--- START ---
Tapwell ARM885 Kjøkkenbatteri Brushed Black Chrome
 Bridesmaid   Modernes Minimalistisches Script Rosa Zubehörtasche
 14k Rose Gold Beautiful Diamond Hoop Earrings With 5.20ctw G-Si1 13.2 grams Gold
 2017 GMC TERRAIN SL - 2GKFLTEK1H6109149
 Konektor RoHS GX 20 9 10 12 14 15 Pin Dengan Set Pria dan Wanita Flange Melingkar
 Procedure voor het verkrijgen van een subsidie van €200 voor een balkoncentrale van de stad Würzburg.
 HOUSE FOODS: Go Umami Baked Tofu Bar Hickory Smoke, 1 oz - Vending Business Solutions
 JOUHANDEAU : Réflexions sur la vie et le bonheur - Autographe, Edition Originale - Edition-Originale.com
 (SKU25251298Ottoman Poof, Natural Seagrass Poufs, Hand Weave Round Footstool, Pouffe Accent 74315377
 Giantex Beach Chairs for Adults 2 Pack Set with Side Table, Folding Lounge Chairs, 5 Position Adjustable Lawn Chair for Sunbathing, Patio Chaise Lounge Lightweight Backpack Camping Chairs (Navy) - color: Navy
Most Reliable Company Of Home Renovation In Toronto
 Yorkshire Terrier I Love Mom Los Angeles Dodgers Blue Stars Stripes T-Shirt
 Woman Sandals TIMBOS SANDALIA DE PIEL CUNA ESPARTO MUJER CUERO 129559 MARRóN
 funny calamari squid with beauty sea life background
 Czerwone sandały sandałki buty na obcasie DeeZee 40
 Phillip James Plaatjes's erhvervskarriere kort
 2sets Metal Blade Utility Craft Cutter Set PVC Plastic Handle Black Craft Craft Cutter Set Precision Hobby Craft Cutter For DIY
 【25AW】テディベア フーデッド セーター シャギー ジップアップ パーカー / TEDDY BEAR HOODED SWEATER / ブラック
--- END ---
§ PROBLEM TO SOLVE:
Retype only the lines above between the line with "Script Rosa Zubehörtasche" and the line with "JOUHANDEAU : Réflexions", counting those two lines as well, and keep every character as it is.

§ SOLVED PROBLEM:
 Bridesmaid   Modernes Minimalistisches Script Rosa Zubehörtasche
 14k Rose Gold Beautiful Diamond Hoop Earrings With 5.20ctw G-Si1 13.2 grams Gold
 2017 GMC TERRAIN SL - 2GKFLTEK1H6109149
 Konektor RoHS GX 20 9 10 12 14 15 Pin Dengan Set Pria dan Wanita Flange Melingkar
 Procedure voor het verkrijgen van een subsidie van €200 voor een balkoncentrale van de stad Würzburg.
 HOUSE FOODS: Go Umami Baked Tofu Bar Hickory Smoke, 1 oz - Vending Business Solutions
 JOUHANDEAU : Réflexions sur la vie et le bonheur - Autographe, Edition Originale - Edition-Originale.com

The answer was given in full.